Murdoch emerges from his kennel extra rumpled these days, his eyebrows low and haphazard, his beard askew, the fur at his neck swirled in not quite the right direction. He has had a rough few months.
“Sorry Murds,” I say for what feels like the millionth time as he brightens slightly when I don my boots. “It is a quick out and back in again.” He is getting better about that, but his instinct to pounce on a stick, spin around on the spot, run like the wind through the trees and egg Molly into a one-sided game of chase, still simmers just below the surface and I so desperately want to say, “Bring me a stick Murdoch! Go, go, go! Catch this ball! Run faster! Faster!”
But he injured his leg in February, a slip on the ice in pursuit of a stick. He turned one way and his knee went the other. “Oh no!” I sympathized as he glanced my way and then walked back to where I stood on the bright, blankness of the snow-covered field. He wasn’t limping then, but he walked instead of running, he knew he had injured himself, and then he stood beside me, pressed his head against my leg as I lavished him with praise. “You’re a good boy Murds,” hands petting his face, running the length of his body to his back right leg. “I guess we’re going home now,” I said and then, “Whoa! No Murds, just walking,” when he tried to leap sideways as though my touch had somehow miraculously made it all better. I wish.
A week later, after not enough rest, when the weather warmed and the snow became a thinning crust of white atop a soft plunge of two feet to the forest floor below, Murdoch left the sturdy, packed trail and I winced and cursed as I watched him flail across the snow, punching through every other step, legs working too hard to buck and pull his body along. He returned to the house limping and later, when he wouldn’t put weight on that leg, I felt sick to my stomach as I imagined his carefree days of running and playing and just being Murdoch coming to an end.
“Why did I take you out today?” I asked him that night as he sat with his back legs askew and stared at me with his wide brown eyes.
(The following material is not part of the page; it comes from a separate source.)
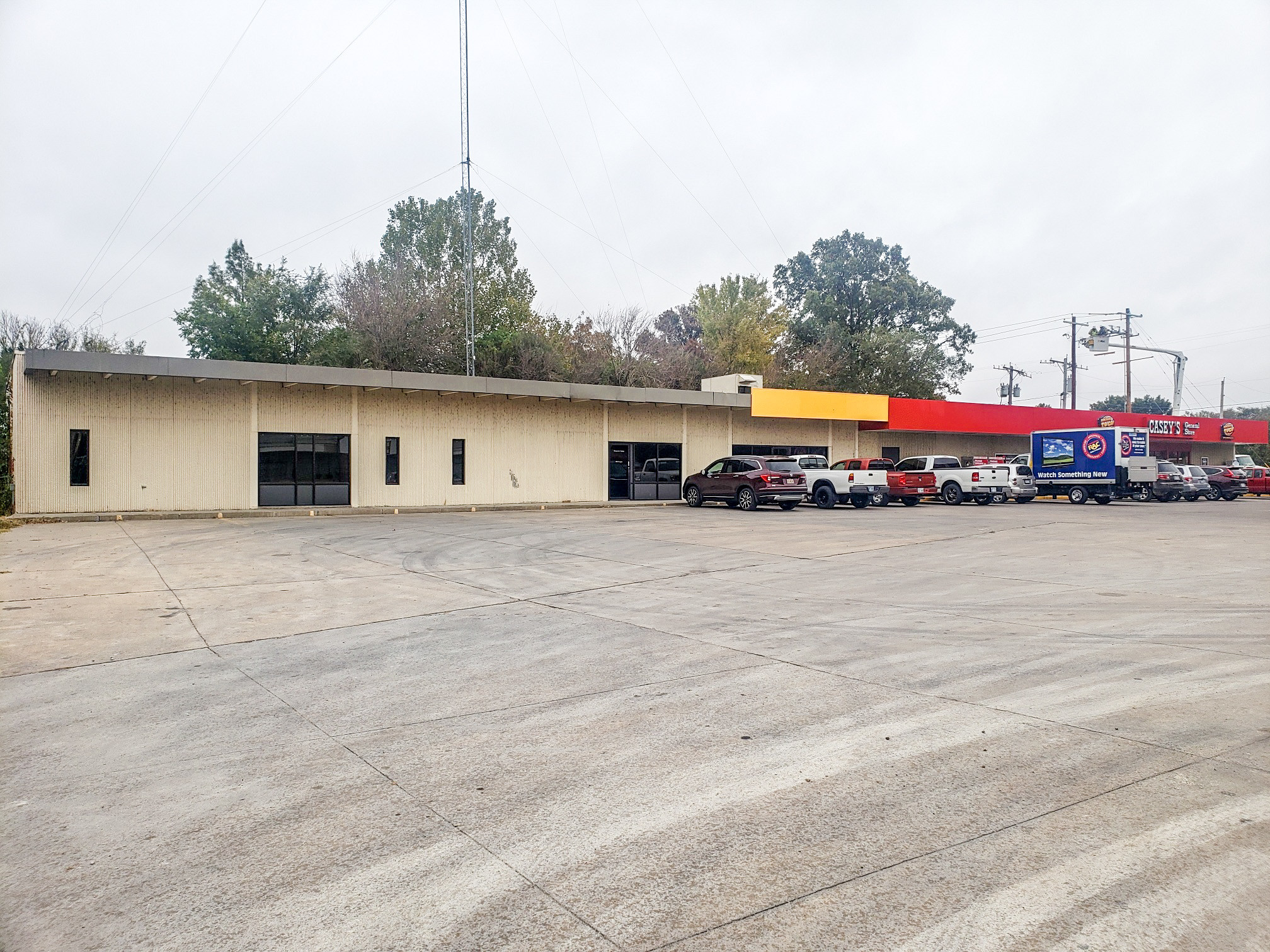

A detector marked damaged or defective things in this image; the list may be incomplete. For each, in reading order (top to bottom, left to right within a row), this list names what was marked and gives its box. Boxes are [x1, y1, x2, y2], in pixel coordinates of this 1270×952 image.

parking lot crack line [645, 756, 1209, 949]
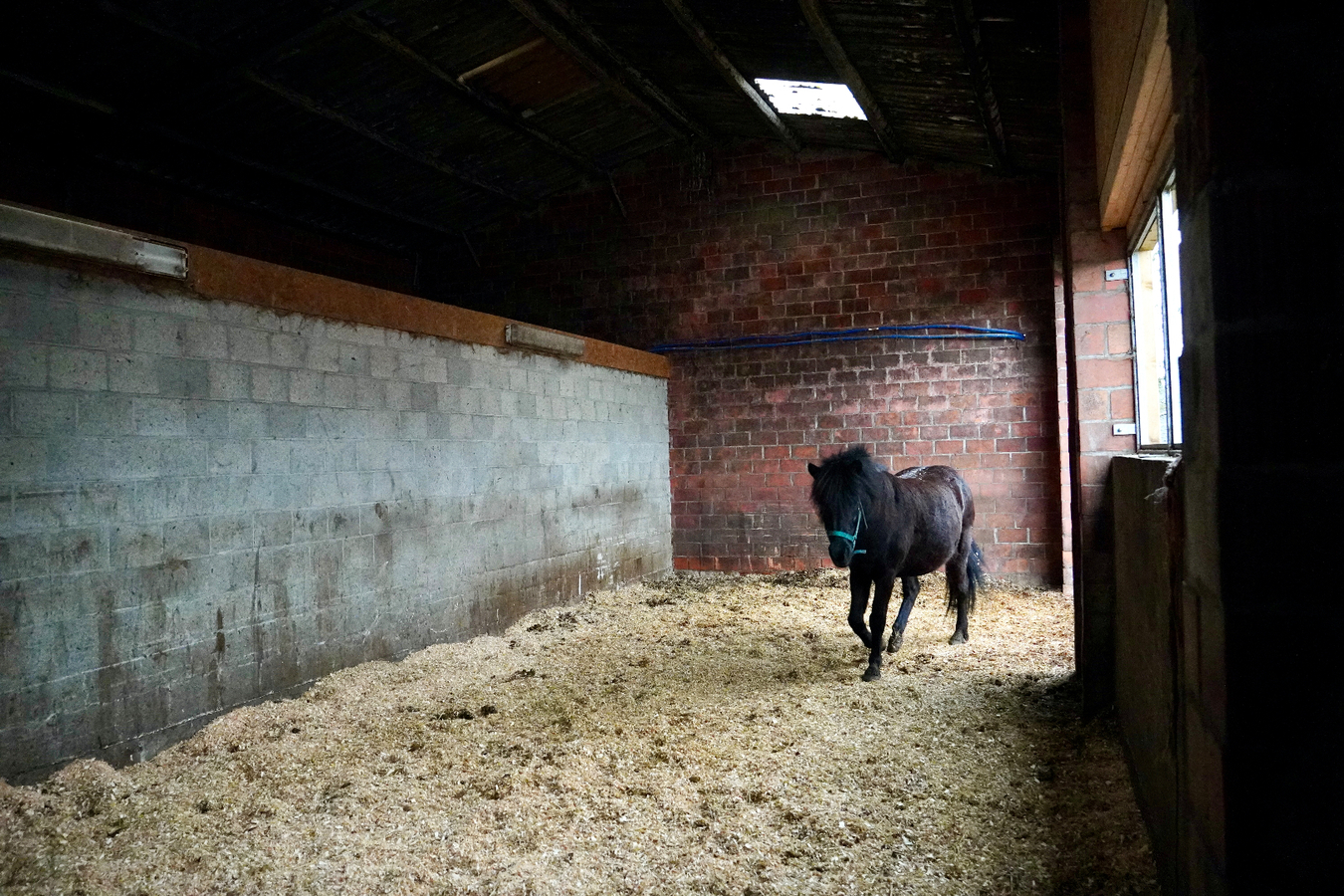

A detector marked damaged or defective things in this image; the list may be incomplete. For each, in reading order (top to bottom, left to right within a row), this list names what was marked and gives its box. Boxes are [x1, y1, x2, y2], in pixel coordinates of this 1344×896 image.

I would take it back if I could.
But since then he has been on leash, outside for ten minutes at the most and, while he is disgruntled about the whole thing, his leg is getting better.
“I wish we still had those leg braces Bear used,” I said to Morgan, trying to imagine Murdoch wearing the little red “cast-away pants”. But we gave those away after Bear no longer needed them.
So we wait, for now, because there is also the matter of Murdoch’s teeth, the broken ones, the pocket in his gum and, we’re pretty sure, a cavity in a molar, all leading up to a sore mouth, an impending dental surgery, and a very rumpled Murdoch.